Kurd Alsleben wirft das Thema der Selbsttätigkeit auf. Das Fernsehen bot nur das Konsumieren, das Internet hat die Möglichkeit selbsttätig zu konsumieren.

Botschaften wie "Ich koche Nudelwasser" können entweder als trivial oder banal abgetan werden, oder sich in die Tradition des Impressionismus stellen.

Die SMS-Ortsangabe kommt der antiken Höhlenmalerei gleich, bei dem die Höhlenbewohner ihre Hände mit Farbe beschossen und so ein Negativ-Bild an der Wand erzeugten. So hinterließen sie ihre Spuren. Es erfolgen heutzutage ständige SOS-Rufe durch die Ansage "Hier bin ich", welche den Menschen als reales Wesen manifestieren.
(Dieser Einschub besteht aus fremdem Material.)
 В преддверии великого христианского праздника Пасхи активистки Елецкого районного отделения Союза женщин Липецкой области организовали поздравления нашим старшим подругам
In den sozialen Netzwerken wird eine Flüchtigkeit konstatiert, bei dem ein großer Freundeskreis mit wenigen echten Freunden entsteht. Dies kann dem modernen, extrem mobilen Lebensstil geschuldet sein. Quantivität ersetzt dabei Qualität und kommt dem Zwang nach, ständig Content für die sozialen Netze zu liefern.

Die Methode der Statistik selbst unmessbare Dinge messbar machen zu wollen beflügelt dabei die steigende Wichtigkeit von Anzahl der Freunde und Anzahl der Botschaften, z.B. über Twitter. Eine eigene Interpretation der Statistik steht dabei einem Common Sense gegenüber.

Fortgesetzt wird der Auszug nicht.